··· SUPPLIED INFORMATION ···
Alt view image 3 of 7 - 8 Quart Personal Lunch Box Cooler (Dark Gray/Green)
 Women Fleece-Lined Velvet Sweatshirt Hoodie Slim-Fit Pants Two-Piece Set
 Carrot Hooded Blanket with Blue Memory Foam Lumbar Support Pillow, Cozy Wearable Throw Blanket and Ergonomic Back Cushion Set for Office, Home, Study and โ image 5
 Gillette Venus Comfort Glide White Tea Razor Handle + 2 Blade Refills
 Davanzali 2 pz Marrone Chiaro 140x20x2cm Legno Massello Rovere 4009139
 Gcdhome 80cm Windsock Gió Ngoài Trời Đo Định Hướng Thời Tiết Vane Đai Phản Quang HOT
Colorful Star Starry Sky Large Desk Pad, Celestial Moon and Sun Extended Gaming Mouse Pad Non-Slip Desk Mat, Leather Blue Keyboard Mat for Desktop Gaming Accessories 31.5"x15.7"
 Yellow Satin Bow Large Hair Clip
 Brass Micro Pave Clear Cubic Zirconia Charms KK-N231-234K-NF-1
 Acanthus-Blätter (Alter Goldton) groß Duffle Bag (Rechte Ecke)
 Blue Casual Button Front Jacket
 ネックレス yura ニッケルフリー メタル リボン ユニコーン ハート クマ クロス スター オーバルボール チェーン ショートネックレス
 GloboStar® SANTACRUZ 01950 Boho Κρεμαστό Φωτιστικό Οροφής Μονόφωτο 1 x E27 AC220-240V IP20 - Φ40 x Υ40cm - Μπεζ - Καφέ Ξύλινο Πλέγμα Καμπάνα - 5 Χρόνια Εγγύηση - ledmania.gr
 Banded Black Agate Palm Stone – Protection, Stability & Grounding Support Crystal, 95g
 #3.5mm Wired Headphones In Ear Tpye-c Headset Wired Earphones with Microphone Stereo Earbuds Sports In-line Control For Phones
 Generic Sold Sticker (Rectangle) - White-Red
···
THE PROBLEM: The line containing "Yellow Satin Bow Large Hair Clip" and every line after it, through the last one above, should be written out word for word.

FINAL ANSWER:
 Yellow Satin Bow Large Hair Clip
 Brass Micro Pave Clear Cubic Zirconia Charms KK-N231-234K-NF-1
 Acanthus-Blätter (Alter Goldton) groß Duffle Bag (Rechte Ecke)
 Blue Casual Button Front Jacket
 ネックレス yura ニッケルフリー メタル リボン ユニコーン ハート クマ クロス スター オーバルボール チェーン ショートネックレス
 GloboStar® SANTACRUZ 01950 Boho Κρεμαστό Φωτιστικό Οροφής Μονόφωτο 1 x E27 AC220-240V IP20 - Φ40 x Υ40cm - Μπεζ - Καφέ Ξύλινο Πλέγμα Καμπάνα - 5 Χρόνια Εγγύηση - ledmania.gr
 Banded Black Agate Palm Stone – Protection, Stability & Grounding Support Crystal, 95g
 #3.5mm Wired Headphones In Ear Tpye-c Headset Wired Earphones with Microphone Stereo Earbuds Sports In-line Control For Phones
 Generic Sold Sticker (Rectangle) - White-Red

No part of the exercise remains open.